BEGIN Dataset content
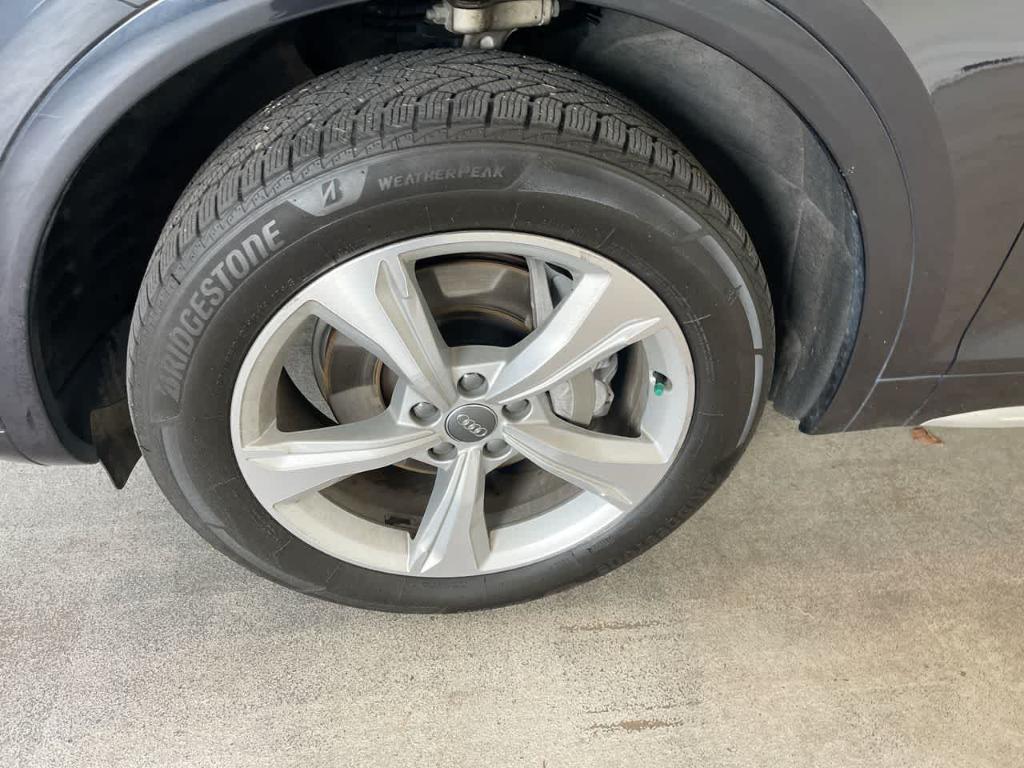 used 2020 Audi Q5 car, priced at $21,641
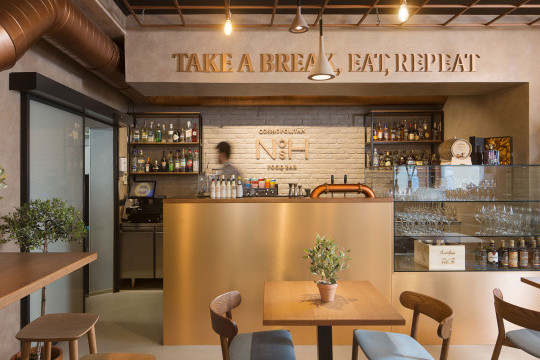 Nosh – Cosmopolitan Food & Bar furnished with Midj's Montera chairs, Composit tables, Apelle coat rack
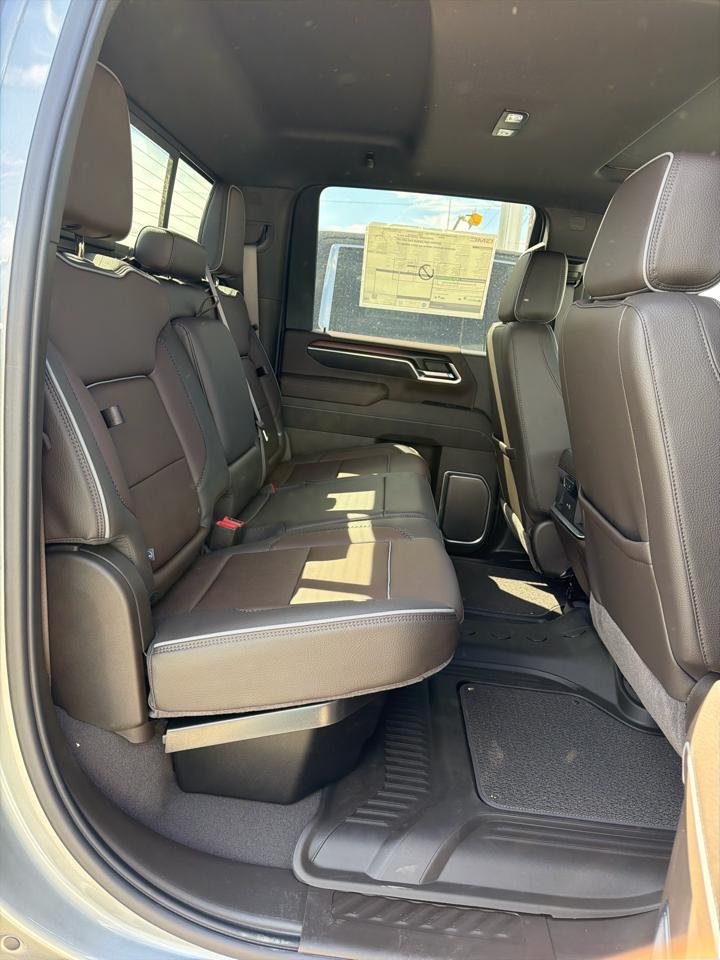 GMC Sierra 2500HD Denali Crew Cab 4WD SB 2026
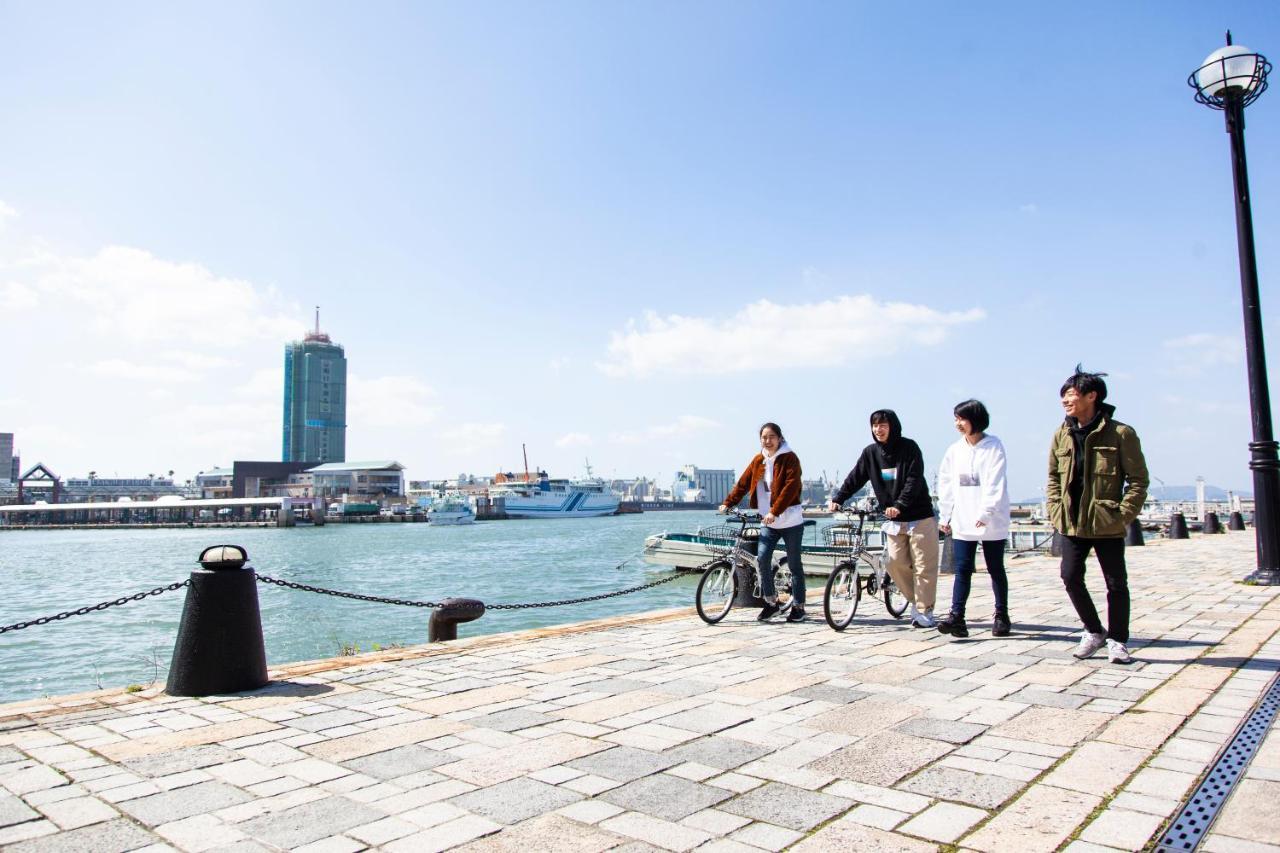 Fukuoka Guesthouse Ship Exterior foto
END Dataset content
Work required: A word-for-word copy of the listing is needed. It must not include the pictures.

Response to this exercise:
 used 2020 Audi Q5 car, priced at $21,641
 Nosh – Cosmopolitan Food & Bar furnished with Midj's Montera chairs, Composit tables, Apelle coat rack
 GMC Sierra 2500HD Denali Crew Cab 4WD SB 2026
 Fukuoka Guesthouse Ship Exterior foto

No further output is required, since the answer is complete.